The boy, who we will call Adam, has been imprisoned in Western Australia’s only youth detention centre, Banksia Hill, a dozen times.

Adam’s parents were heavy drug users who had both taken their own lives by the time he was 10.

“Everyone was saying my mum and dad, they died from taking drugs. So I just thought, well they died from taking drugs and I’m never going to see them again. So why don’t I just like, you know just take drugs, see if I’ll die.”

He soon wound up on the streets of the state capital, Perth, stealing to survive.

“I was just doing what my mates were doing to get a feed. Yeah, started stealing.”

Adam is 13 years old and has been incarcerated 12 times [101 East/Al Jazeera]

In this special investigation, 101 East meets children caught in a cycle of incarceration in Western Australia – the state with the country’s highest rate of Indigenous imprisonment.

Aboriginal children in the state are almost 50 times more likely to be in youth detention than non-Indigenous children. In Australia, children can be incarcerated from the age of 10.

“Psychologically, the development of the human brain at such a young age has not occurred,” says Megan Krakouer, a lawyer and outreach worker at the National Suicide Prevention and Trauma Recovery Project.

“So we have young children as young as 10 years old that have been charged and placed in prisons. That is not a good thing. That is a terrible thing. There has to be different ways of doing it.”

The Black Lives Matter movement has been gaining momentum in Western Australia [101 East/Al Jazeera]

‘When does the cycle stop?’

As the Black Lives Matter protests erupted in the US earlier this year, Indigenous leaders in Australia seized the moment to demand the government raise the age of criminal responsibility from 10 to 14.

The United Nations has also called on the Australian government to take action.

But authorities have resisted, with federal and state governments voting to delay any decision to amend the laws until 2021.

Megan Krakouer from the National Suicide Prevention & Trauma Recovery Project consoles Karen Blanket, whose son is thought to have taken his own life at Western Australia’s Acacia prison last year [101 East/Al Jazeera]

Krakouer, who helps youth like Adam rebuild their lives, says imprisoning children from such a young age sets them on a spiralling path of criminality.

“I see people going into prisons, people coming out, the same people going in, out, in, out.
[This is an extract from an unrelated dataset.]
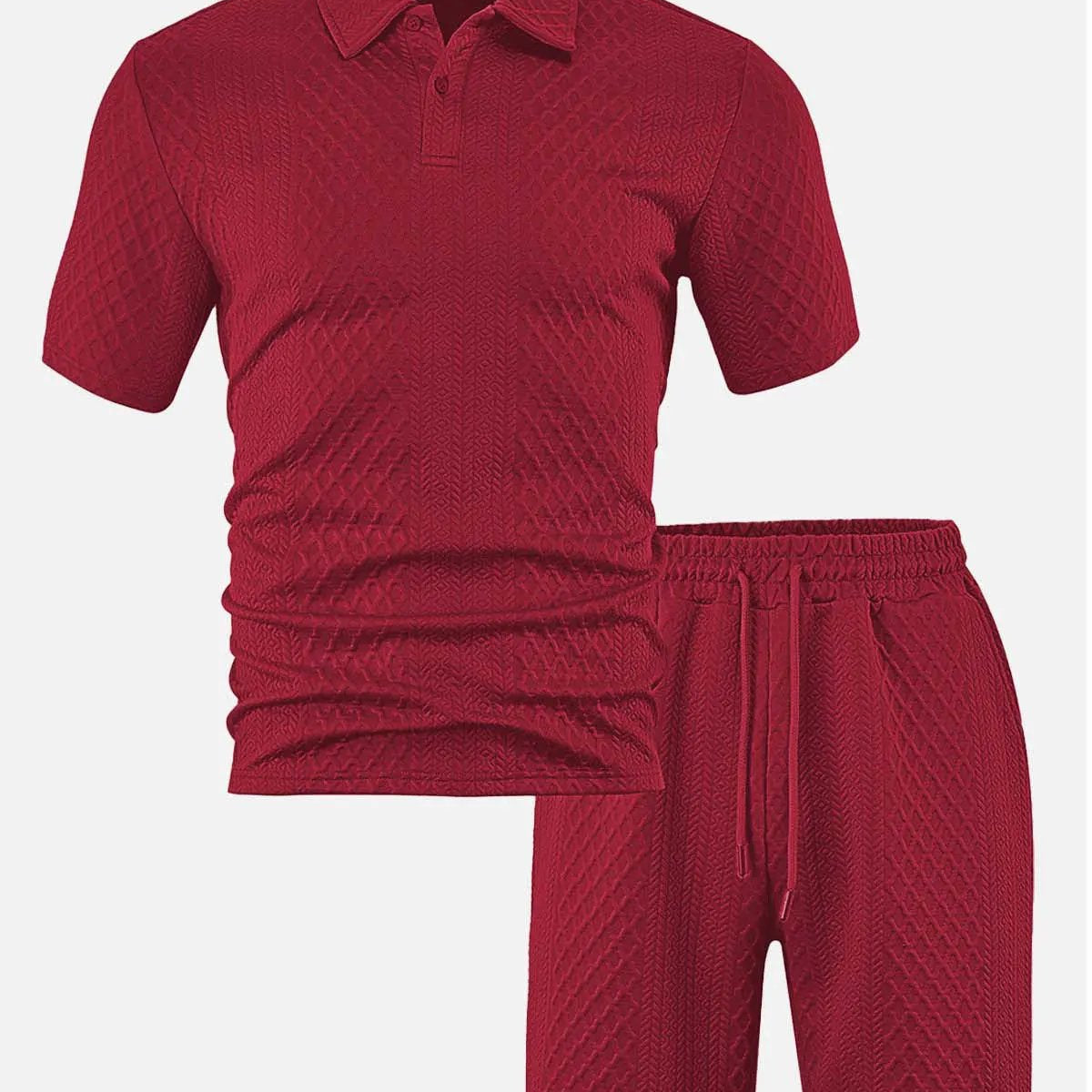 Men's Textured Jacquard Polo Short Set ElevenOasis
When does the cycle stop?” she says.

At Banksia Hill Detention Centre, 65 percent of youth inmates are Indigenous and about half of them re-offend.

Krakouer, who works with children while they are in prison and after they are released, says most come from broken homes racked by intergenerational trauma and need loving support to heal, not time behind bars.
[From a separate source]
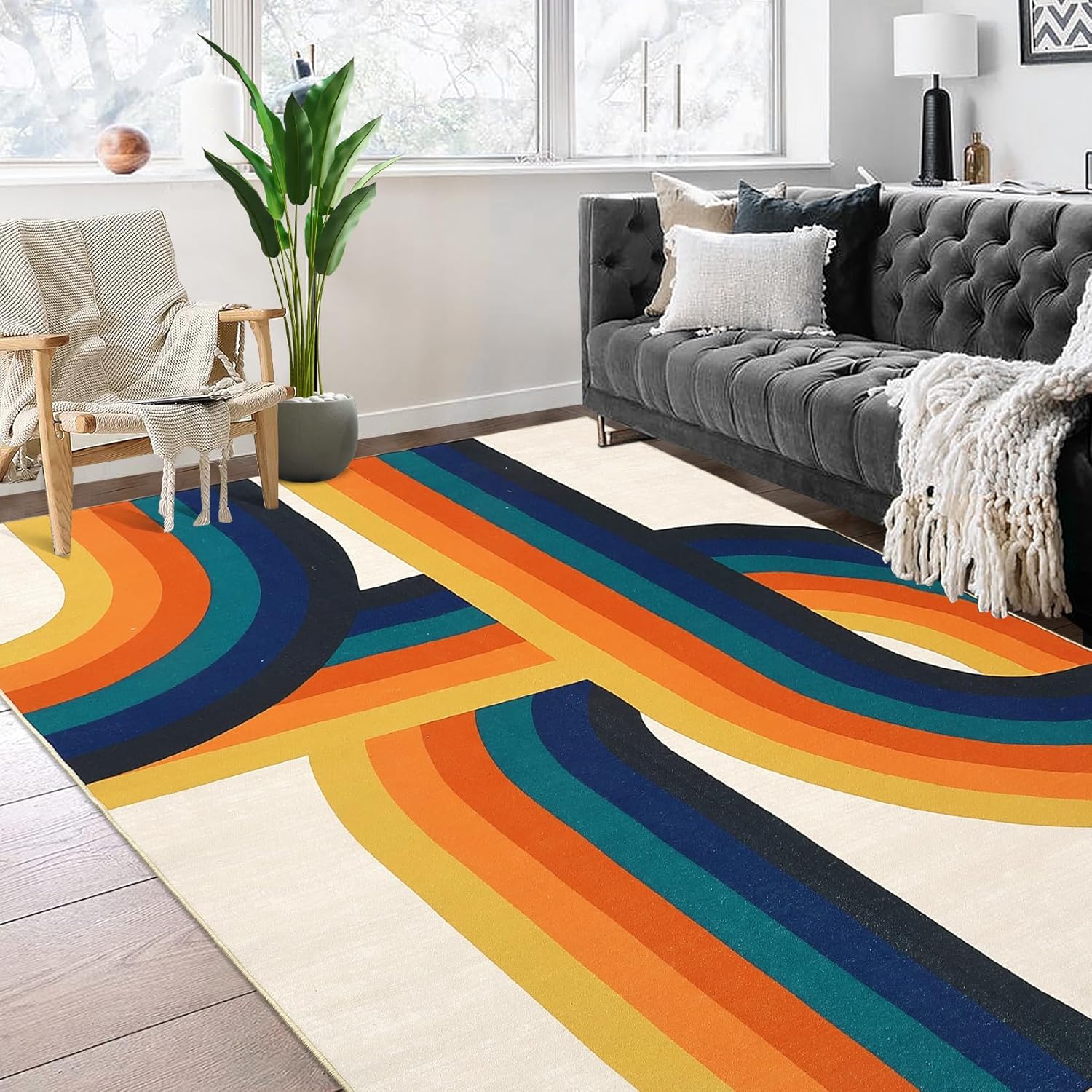 GarveeHome 5x7 Washable Modern Area Rug Spill-Proof Surface, Non-Slip Backing, Cozy Soft Faux Wool, Printed Rug, Living Room Rugs 5x7, Bedroom Rugs, Dining Room Rugs Beige/Blue/Orange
She says she has helped hundreds of former youth prisoners turn their lives around by providing intense psychosocial support, housing, training, jobs and help with basic life skills.

“It is not rocket science. People need people. We didn’t do anything special. All we did with the young people in prison is treat them like they’re our own,” she says.

Banksia Hill Detention Centre is Western Australia’s only prison for youth offenders; 65 percent of young inmates there are Indigenous [101 East/Al Jazeera]

‘Emerging from colonisation’

As he takes Al Jazeera on a tour of Banksia Hill, Western Australia’s Corrective Services Commissioner Tony Hassall says incarcerating children as young as 10 is not an ideal solution.

“I think it’s the last resort. People that are here, the young people, and they are young people but are here primarily for quite dangerous offences and the government has to protect its citizens,” he says.

Hassall welcomes the debate on raising the age of criminal responsibility, but he rejects accusations the justice system is discriminatory.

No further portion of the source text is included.